[[ Extracted material, beginning ]]
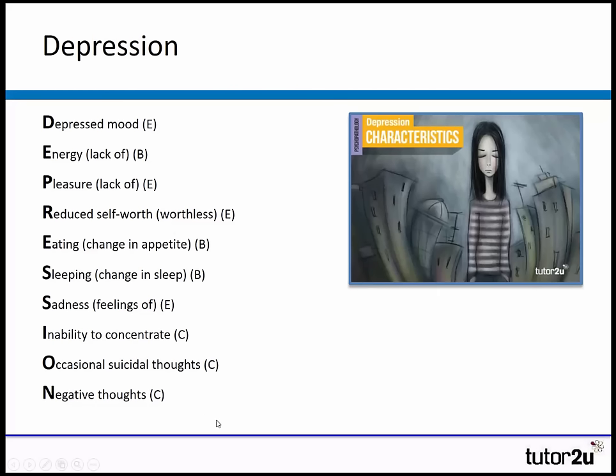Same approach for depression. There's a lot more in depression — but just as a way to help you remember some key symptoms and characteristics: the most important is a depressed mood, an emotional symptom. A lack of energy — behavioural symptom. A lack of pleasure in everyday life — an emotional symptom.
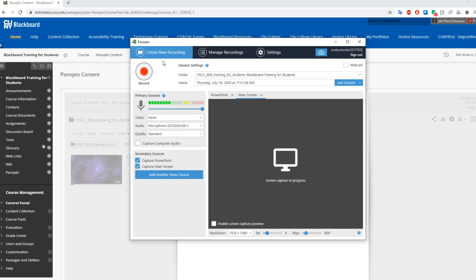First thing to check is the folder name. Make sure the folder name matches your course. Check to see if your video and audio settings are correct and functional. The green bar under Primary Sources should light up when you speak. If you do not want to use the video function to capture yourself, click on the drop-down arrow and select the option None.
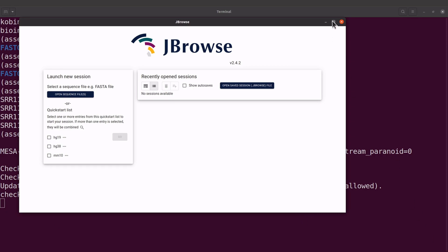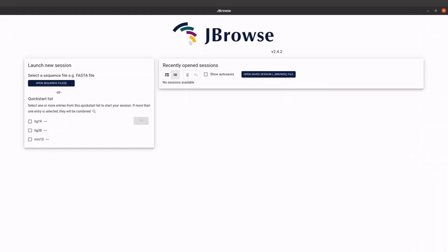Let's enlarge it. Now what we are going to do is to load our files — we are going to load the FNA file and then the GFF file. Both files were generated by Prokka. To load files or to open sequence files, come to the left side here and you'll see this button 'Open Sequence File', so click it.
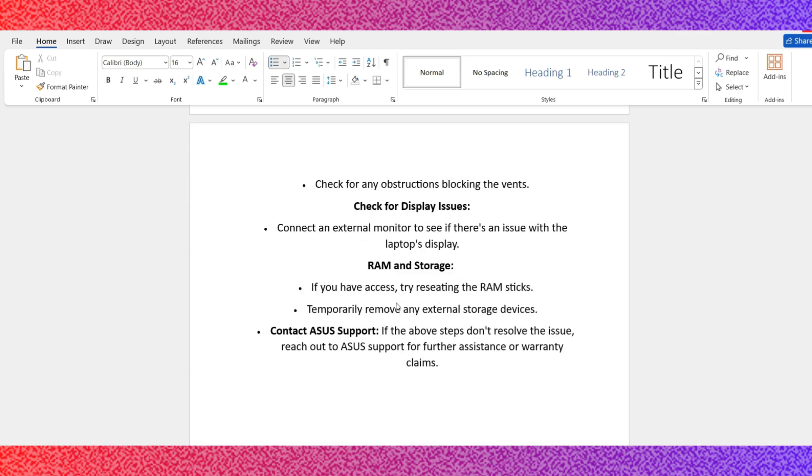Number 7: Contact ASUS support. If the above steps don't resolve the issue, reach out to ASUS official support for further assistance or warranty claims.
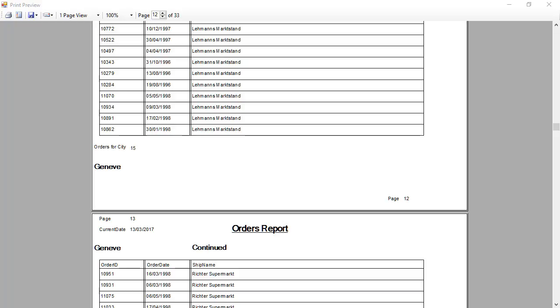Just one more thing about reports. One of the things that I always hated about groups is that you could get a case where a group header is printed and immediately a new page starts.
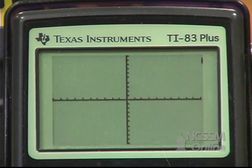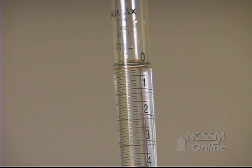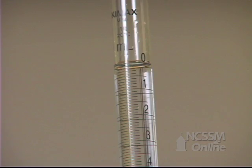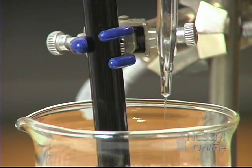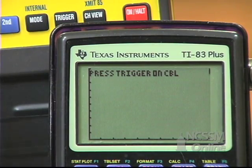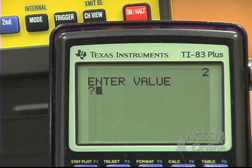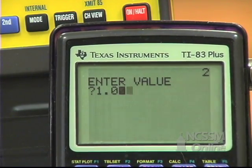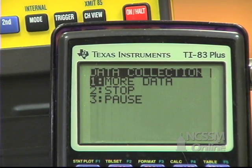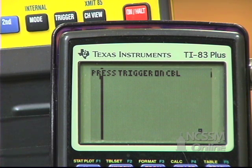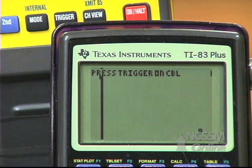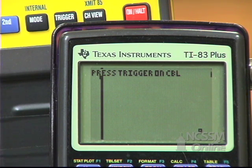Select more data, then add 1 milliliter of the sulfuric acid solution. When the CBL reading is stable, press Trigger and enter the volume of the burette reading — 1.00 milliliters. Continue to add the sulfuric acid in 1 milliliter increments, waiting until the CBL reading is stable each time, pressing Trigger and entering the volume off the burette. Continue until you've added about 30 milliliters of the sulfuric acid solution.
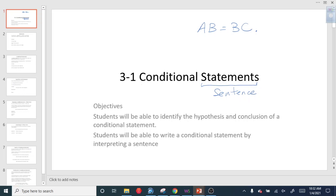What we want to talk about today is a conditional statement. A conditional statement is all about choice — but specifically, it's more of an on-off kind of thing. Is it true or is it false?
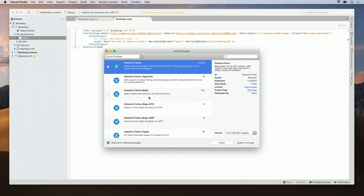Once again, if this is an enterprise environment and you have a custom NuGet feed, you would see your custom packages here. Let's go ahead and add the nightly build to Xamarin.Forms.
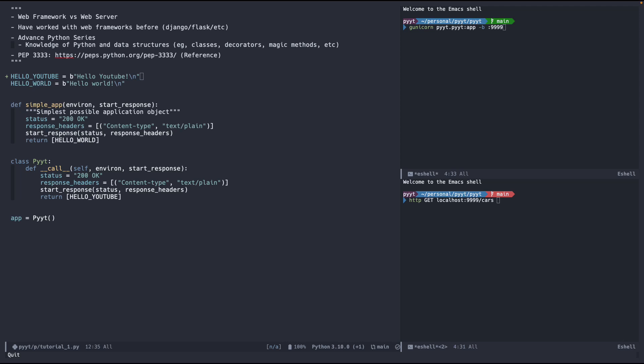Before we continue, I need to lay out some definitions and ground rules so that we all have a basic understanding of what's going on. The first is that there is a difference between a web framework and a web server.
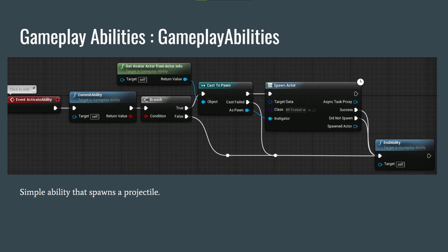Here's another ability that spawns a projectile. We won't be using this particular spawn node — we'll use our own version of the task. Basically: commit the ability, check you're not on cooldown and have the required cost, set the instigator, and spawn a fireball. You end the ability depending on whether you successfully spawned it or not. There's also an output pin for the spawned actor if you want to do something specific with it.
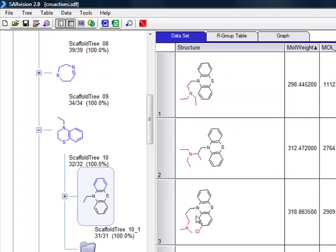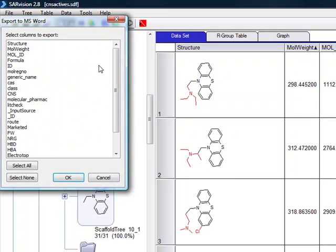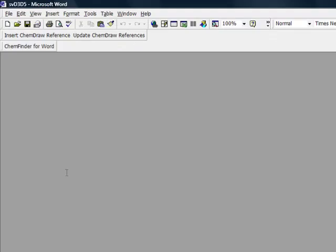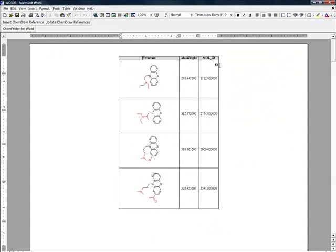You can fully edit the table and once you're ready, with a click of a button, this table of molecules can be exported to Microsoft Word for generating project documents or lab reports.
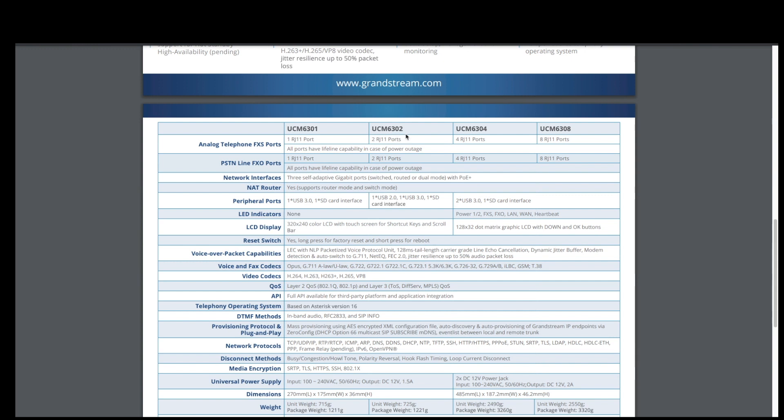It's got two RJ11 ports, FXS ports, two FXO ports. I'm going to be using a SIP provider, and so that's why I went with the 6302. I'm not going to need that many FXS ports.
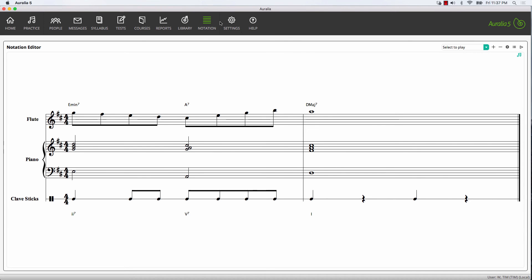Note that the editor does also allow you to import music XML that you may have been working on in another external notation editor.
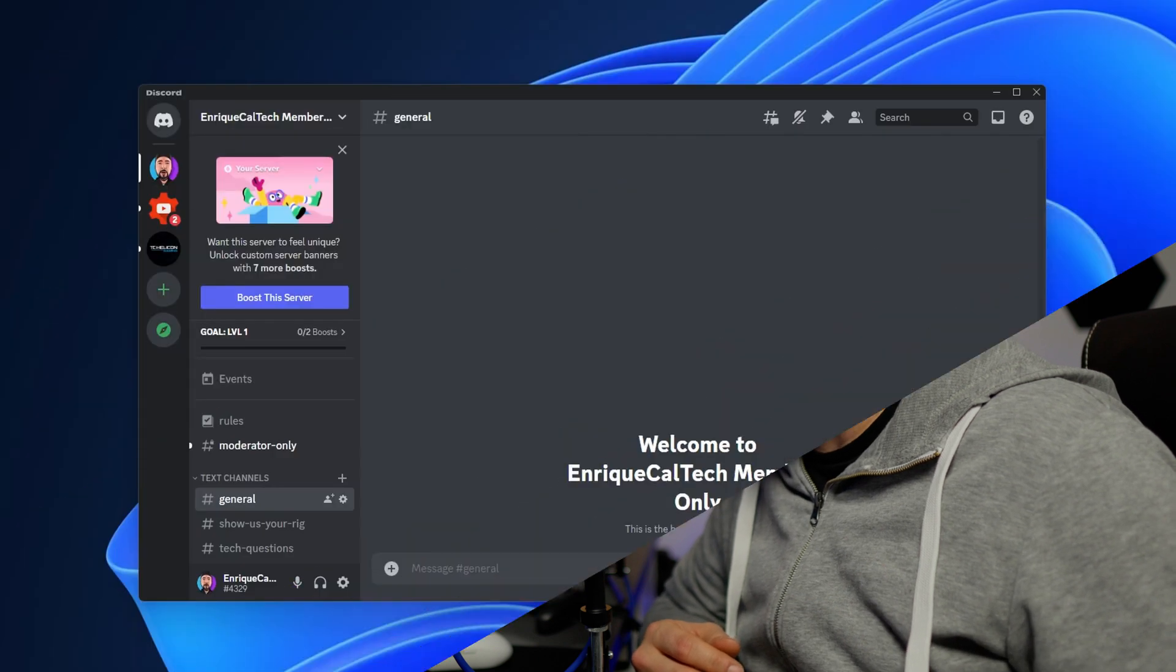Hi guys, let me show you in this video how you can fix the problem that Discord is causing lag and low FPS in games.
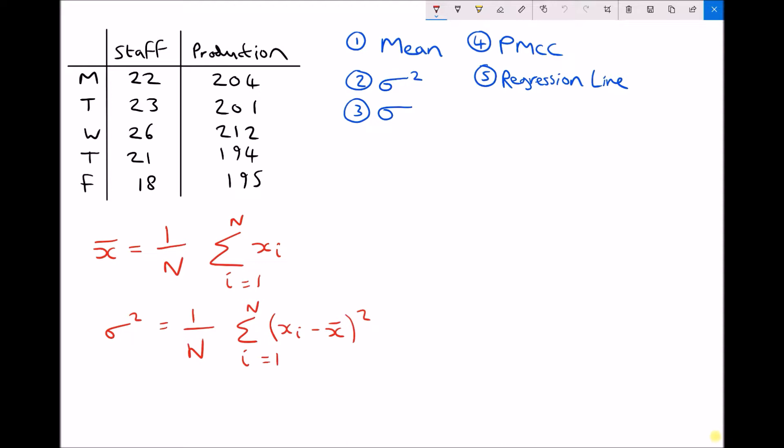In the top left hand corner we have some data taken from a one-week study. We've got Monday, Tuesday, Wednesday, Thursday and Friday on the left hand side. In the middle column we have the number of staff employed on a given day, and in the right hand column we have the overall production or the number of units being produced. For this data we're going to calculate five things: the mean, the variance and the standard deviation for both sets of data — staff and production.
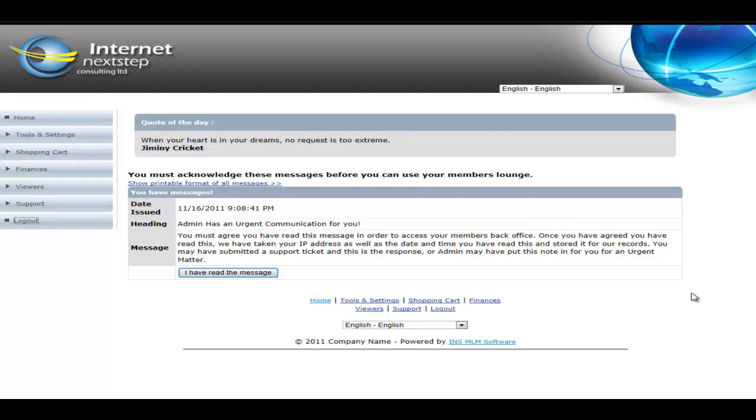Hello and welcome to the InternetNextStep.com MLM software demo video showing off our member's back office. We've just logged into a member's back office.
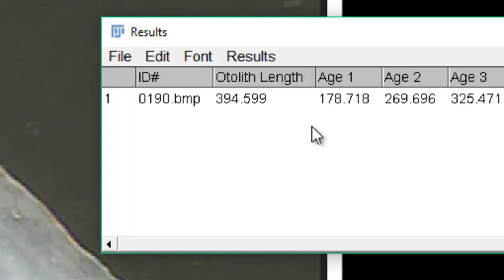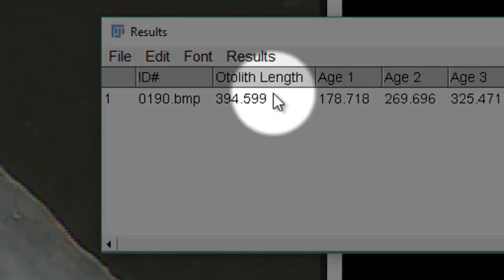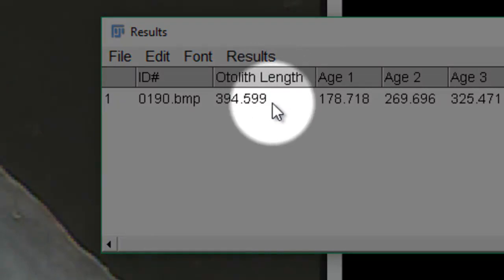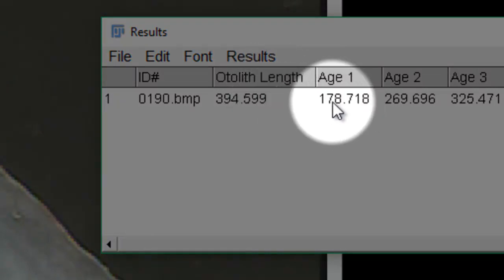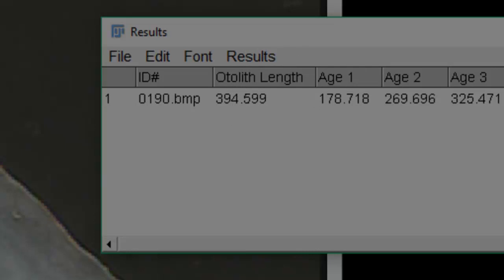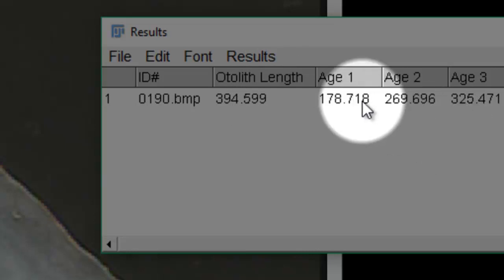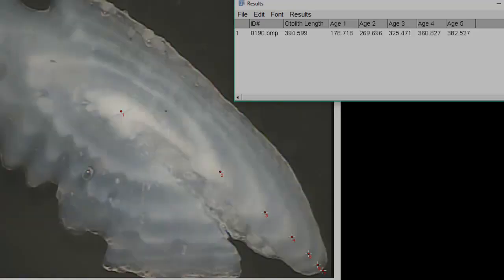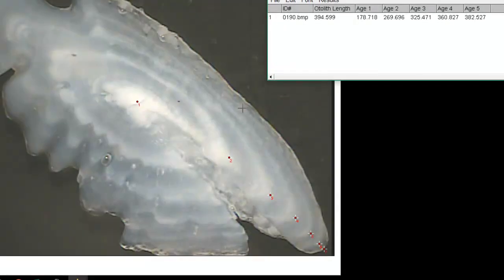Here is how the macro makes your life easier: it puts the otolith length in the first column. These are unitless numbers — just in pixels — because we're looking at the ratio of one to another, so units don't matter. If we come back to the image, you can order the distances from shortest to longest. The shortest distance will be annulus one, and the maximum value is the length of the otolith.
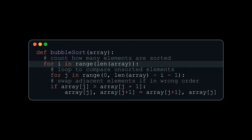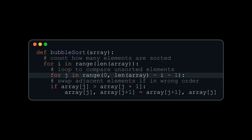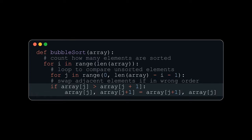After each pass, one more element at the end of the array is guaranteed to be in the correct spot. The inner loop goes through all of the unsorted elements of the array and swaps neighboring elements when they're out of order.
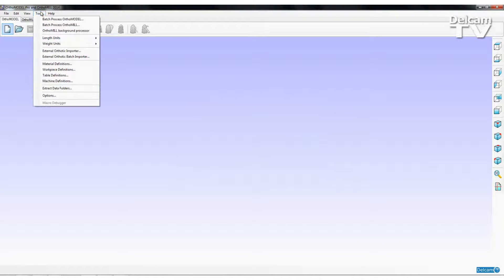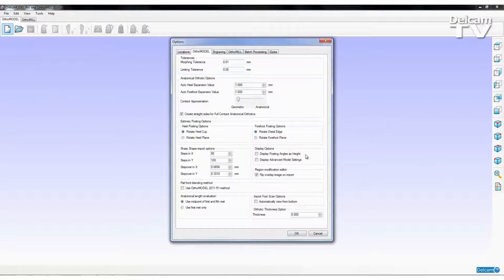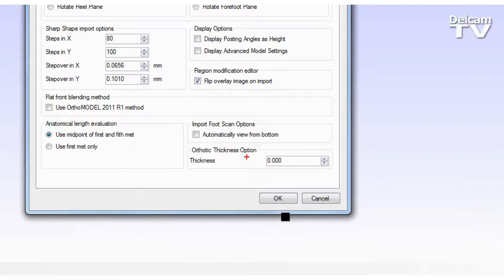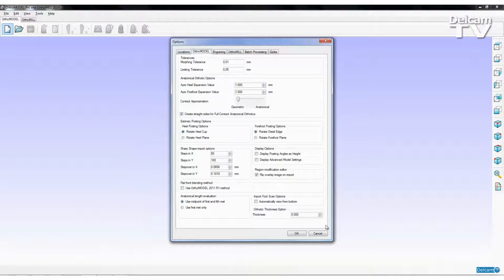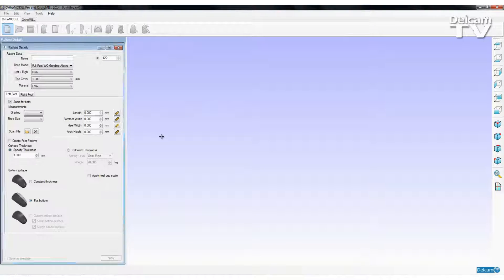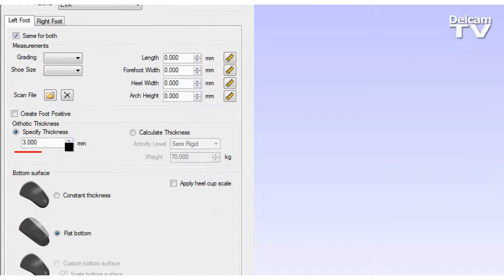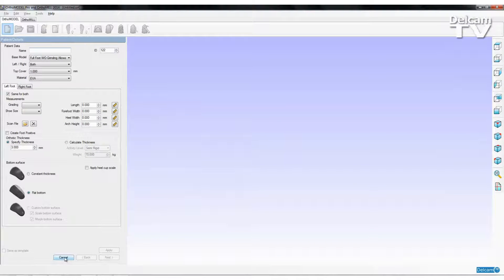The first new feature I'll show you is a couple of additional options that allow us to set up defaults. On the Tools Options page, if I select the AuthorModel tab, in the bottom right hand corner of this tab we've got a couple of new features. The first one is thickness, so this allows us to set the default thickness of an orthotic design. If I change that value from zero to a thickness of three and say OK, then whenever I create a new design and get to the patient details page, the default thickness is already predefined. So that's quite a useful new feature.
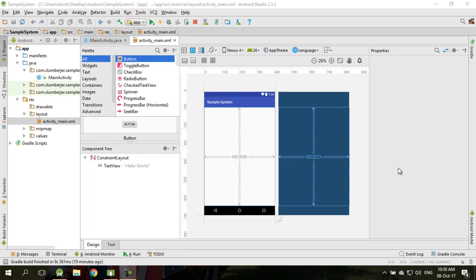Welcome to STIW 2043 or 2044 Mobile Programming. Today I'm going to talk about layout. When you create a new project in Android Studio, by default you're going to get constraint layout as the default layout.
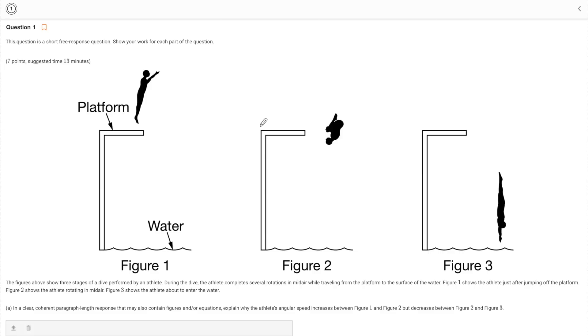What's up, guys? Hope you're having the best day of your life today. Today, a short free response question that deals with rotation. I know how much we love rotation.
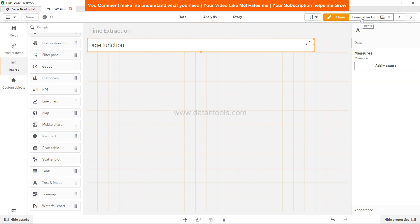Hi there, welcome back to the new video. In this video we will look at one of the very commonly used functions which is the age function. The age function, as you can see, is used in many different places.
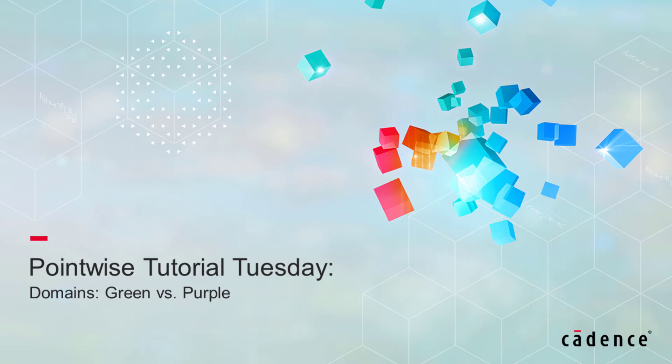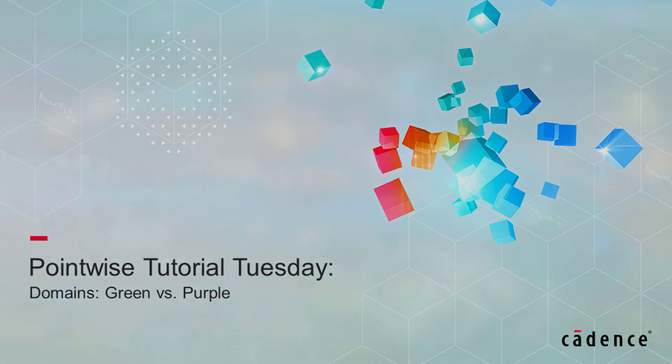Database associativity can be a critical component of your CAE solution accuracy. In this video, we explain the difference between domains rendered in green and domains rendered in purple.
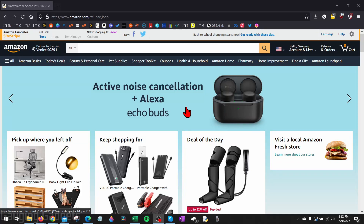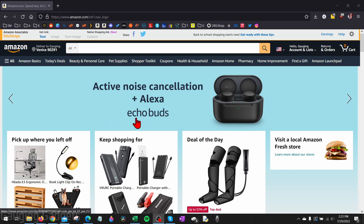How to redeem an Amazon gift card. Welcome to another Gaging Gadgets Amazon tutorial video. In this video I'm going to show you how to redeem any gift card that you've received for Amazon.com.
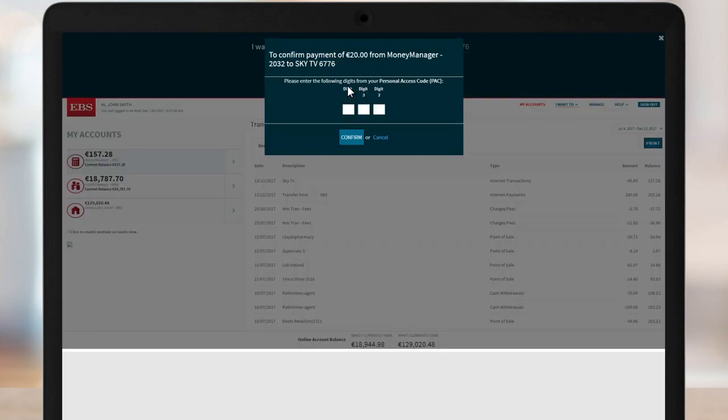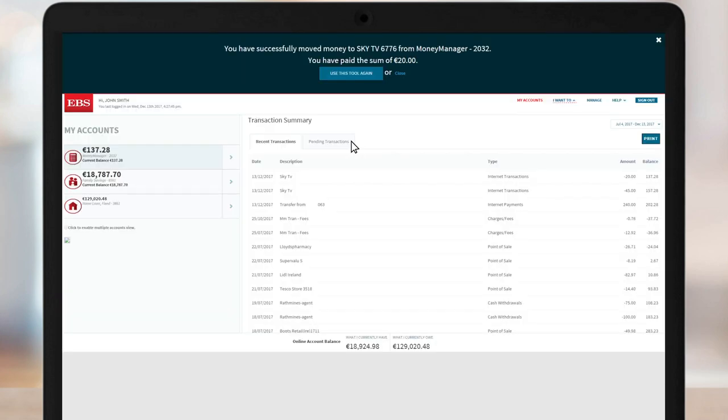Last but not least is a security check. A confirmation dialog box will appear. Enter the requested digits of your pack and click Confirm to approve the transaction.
[[ Extracted material, end ]]
▶ **What is being asked**: Working from the entries above, please transcribe only the lines from the line with "Just one more" through the line with "Once again, if", exactly, with both end lines and without pictures.

▶ **Completed exercise**:
Just one more thing about reports. One of the things that I always hated about groups is that you could get a case where a group header is printed and immediately a new page starts.
Select more data, then add 1 milliliter of the sulfuric acid solution. When the CBL reading is stable, press Trigger and enter the volume of the burette reading — 1.00 milliliters. Continue to add the sulfuric acid in 1 milliliter increments, waiting until the CBL reading is stable each time, pressing Trigger and entering the volume off the burette. Continue until you've added about 30 milliliters of the sulfuric acid solution.
What we want to talk about today is a conditional statement. A conditional statement is all about choice — but specifically, it's more of an on-off kind of thing. Is it true or is it false?
Once again, if this is an enterprise environment and you have a custom NuGet feed, you would see your custom packages here. Let's go ahead and add the nightly build to Xamarin.Forms.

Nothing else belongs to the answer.